**Supplied material**.

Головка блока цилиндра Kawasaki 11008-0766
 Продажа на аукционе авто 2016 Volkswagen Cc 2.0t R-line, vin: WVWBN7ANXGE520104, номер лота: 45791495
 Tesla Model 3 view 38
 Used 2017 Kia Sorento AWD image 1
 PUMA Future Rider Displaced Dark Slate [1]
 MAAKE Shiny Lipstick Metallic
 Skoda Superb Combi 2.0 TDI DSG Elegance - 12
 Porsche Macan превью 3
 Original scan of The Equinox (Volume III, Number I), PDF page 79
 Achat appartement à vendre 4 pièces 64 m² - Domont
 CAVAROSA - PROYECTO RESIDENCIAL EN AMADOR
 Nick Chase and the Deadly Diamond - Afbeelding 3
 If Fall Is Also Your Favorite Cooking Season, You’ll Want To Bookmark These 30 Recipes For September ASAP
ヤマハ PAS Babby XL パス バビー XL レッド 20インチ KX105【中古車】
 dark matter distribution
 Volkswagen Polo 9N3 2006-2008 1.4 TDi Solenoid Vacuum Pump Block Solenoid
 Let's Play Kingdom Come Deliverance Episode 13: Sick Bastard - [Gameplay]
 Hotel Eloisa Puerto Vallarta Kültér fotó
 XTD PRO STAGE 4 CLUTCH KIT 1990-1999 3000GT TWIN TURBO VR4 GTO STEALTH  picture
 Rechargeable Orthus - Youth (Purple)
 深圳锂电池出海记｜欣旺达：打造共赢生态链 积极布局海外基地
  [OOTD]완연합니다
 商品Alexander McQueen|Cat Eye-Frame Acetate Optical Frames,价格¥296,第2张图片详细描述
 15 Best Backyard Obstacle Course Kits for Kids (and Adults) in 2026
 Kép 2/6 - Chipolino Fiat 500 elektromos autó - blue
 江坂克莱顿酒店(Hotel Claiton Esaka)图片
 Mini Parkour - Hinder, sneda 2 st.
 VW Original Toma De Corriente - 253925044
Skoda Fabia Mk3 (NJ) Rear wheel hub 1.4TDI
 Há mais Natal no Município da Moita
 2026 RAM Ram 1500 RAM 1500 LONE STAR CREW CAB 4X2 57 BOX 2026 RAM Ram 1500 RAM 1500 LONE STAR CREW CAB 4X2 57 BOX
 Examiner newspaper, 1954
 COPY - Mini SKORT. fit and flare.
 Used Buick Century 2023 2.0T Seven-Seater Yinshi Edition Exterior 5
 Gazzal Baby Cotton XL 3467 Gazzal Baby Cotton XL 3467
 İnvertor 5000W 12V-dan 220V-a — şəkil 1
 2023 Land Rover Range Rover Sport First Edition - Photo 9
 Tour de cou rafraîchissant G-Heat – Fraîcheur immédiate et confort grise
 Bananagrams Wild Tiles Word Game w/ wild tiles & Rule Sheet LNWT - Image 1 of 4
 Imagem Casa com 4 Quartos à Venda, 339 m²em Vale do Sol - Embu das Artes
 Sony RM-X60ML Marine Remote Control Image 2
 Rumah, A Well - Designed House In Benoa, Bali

**What you should do**.
Reproduce the lines of the entries above from the one with "Há mais Natal no Município da Moita" to the one with "Imagem Casa com", both included, exactly and without any other line.

**Response area**.
 Há mais Natal no Município da Moita
 2026 RAM Ram 1500 RAM 1500 LONE STAR CREW CAB 4X2 57 BOX 2026 RAM Ram 1500 RAM 1500 LONE STAR CREW CAB 4X2 57 BOX
 Examiner newspaper, 1954
 COPY - Mini SKORT. fit and flare.
 Used Buick Century 2023 2.0T Seven-Seater Yinshi Edition Exterior 5
 Gazzal Baby Cotton XL 3467 Gazzal Baby Cotton XL 3467
 İnvertor 5000W 12V-dan 220V-a — şəkil 1
 2023 Land Rover Range Rover Sport First Edition - Photo 9
 Tour de cou rafraîchissant G-Heat – Fraîcheur immédiate et confort grise
 Bananagrams Wild Tiles Word Game w/ wild tiles & Rule Sheet LNWT - Image 1 of 4
 Imagem Casa com 4 Quartos à Venda, 339 m²em Vale do Sol - Embu das Artes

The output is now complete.